(AVAILABLE DATA)

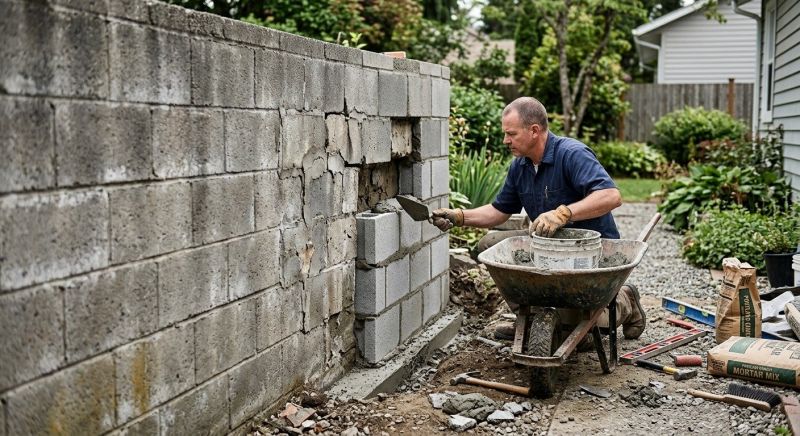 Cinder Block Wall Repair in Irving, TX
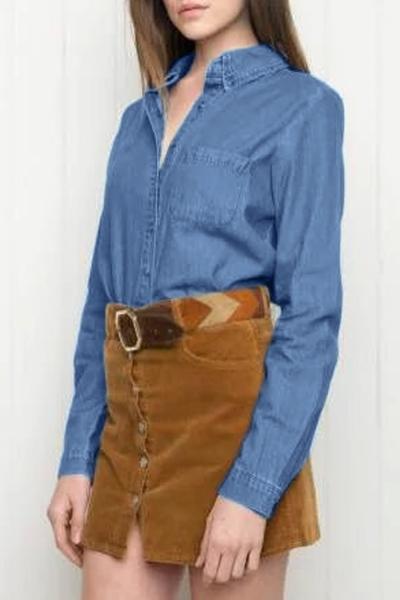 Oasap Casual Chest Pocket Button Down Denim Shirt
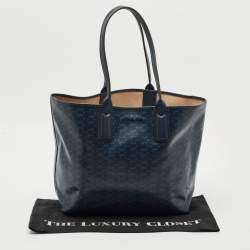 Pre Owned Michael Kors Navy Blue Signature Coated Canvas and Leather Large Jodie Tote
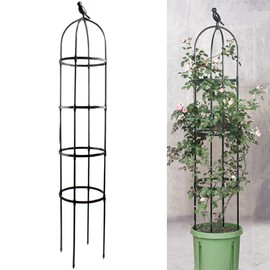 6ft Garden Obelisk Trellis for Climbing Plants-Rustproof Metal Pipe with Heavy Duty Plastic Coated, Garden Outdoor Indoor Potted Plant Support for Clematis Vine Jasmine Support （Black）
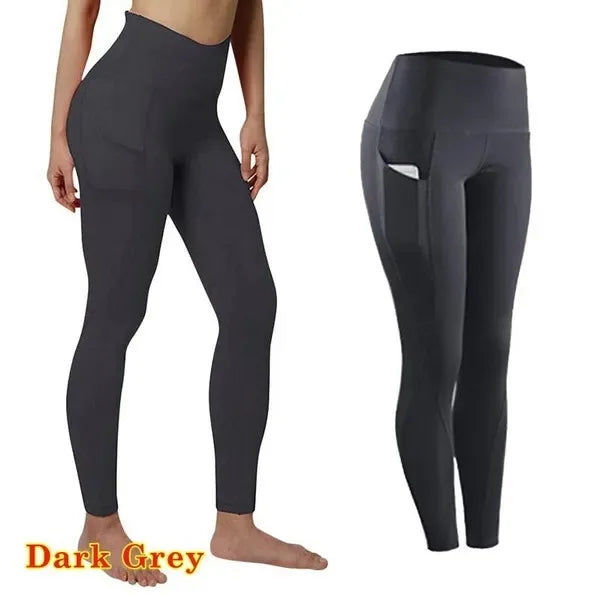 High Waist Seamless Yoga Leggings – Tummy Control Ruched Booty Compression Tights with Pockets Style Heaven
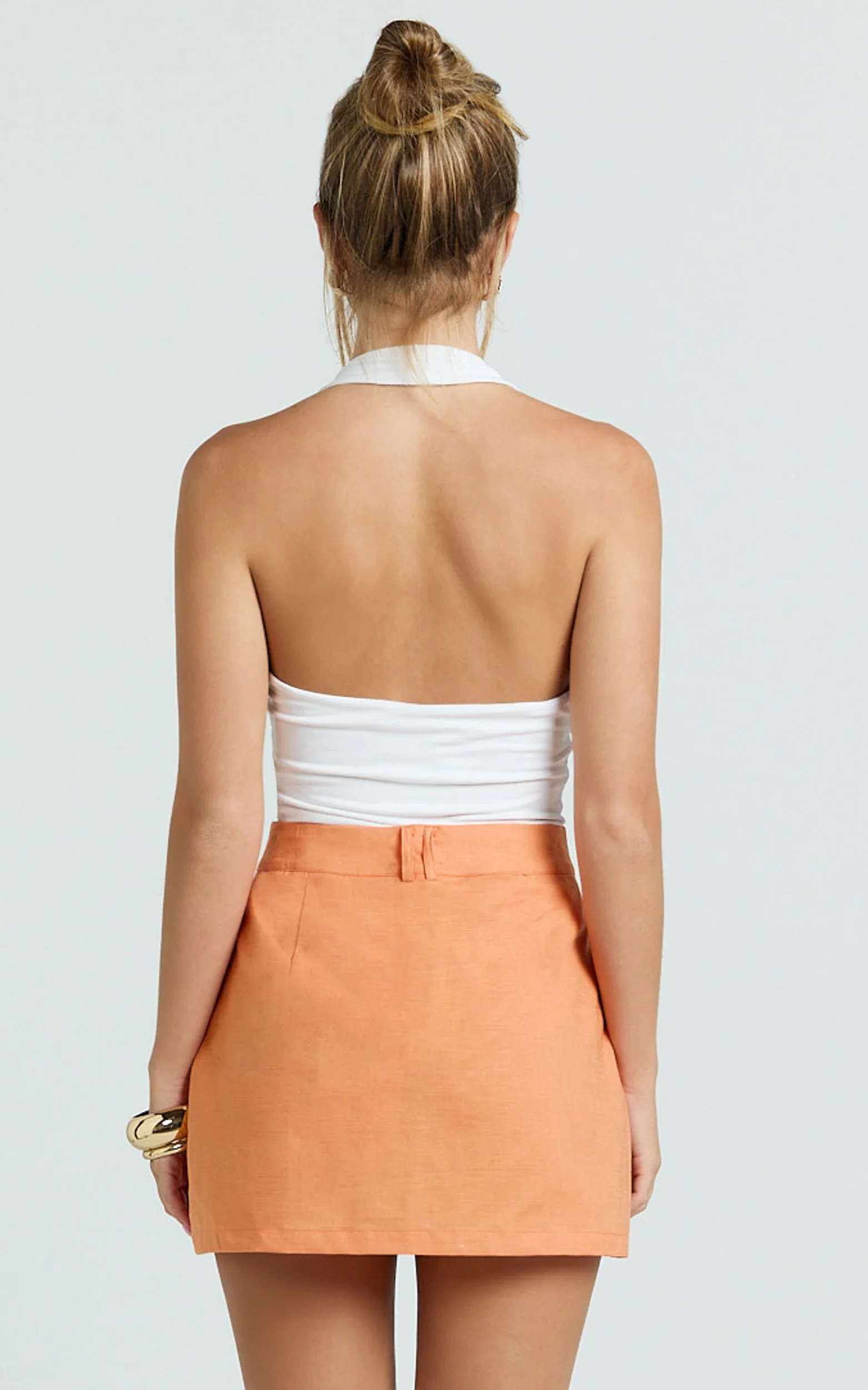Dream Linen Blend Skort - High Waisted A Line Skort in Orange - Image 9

(End AVAILABLE DATA)
(AVAILABLE DATA)

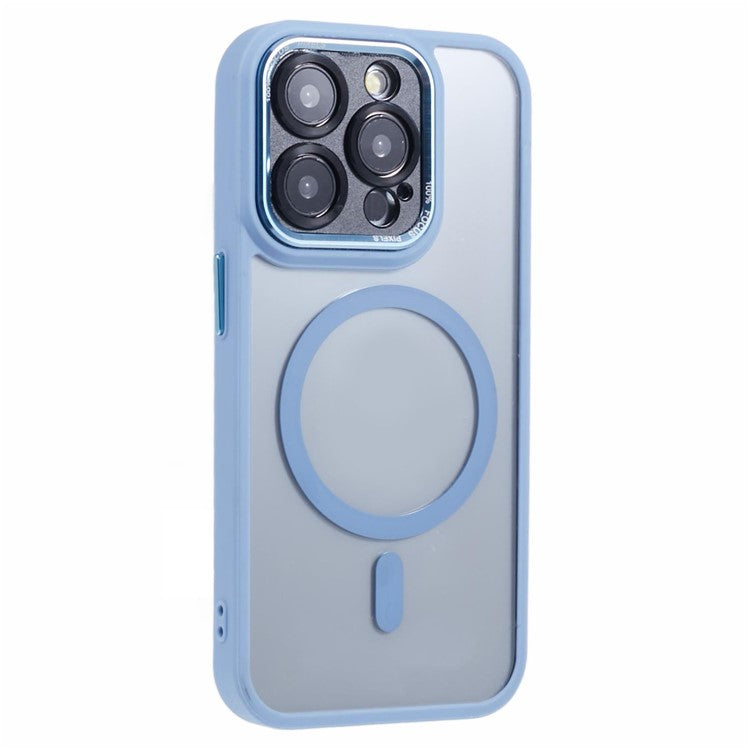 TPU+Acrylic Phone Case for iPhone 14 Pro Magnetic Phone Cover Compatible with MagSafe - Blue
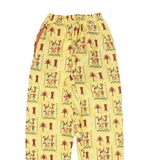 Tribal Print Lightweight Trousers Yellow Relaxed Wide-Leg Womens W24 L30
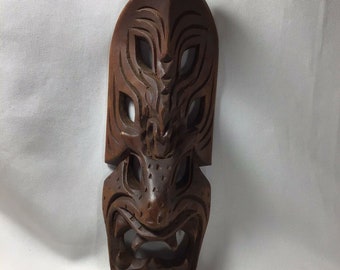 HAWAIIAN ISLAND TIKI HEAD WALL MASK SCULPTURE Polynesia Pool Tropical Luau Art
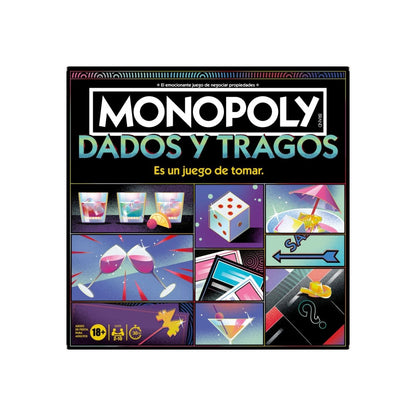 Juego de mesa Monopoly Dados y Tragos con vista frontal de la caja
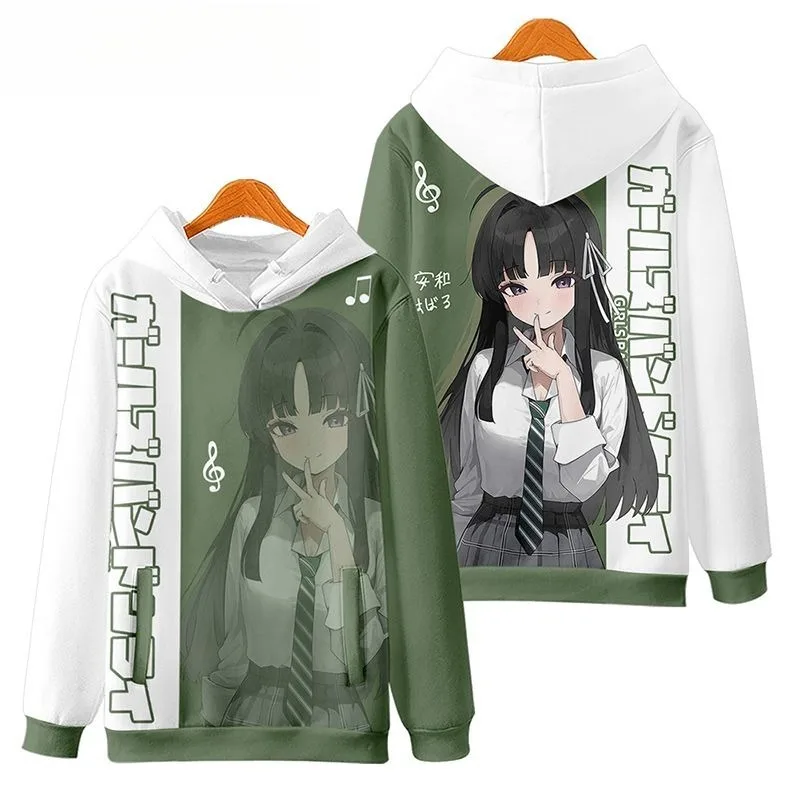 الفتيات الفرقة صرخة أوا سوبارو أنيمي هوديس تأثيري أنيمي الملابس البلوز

(End AVAILABLE DATA)

* EXERCISE AIM:
Using the records above, repeat exactly the run of lines that starts with the line with "Juego de mesa" and goes on through the line with "الفتيات الفرقة صرخة"; omit each picture.

* SOLUTION TO THE PROBLEM:
 Juego de mesa Monopoly Dados y Tragos con vista frontal de la caja
 الفتيات الفرقة صرخة أوا سوبارو أنيمي هوديس تأثيري أنيمي الملابس البلوز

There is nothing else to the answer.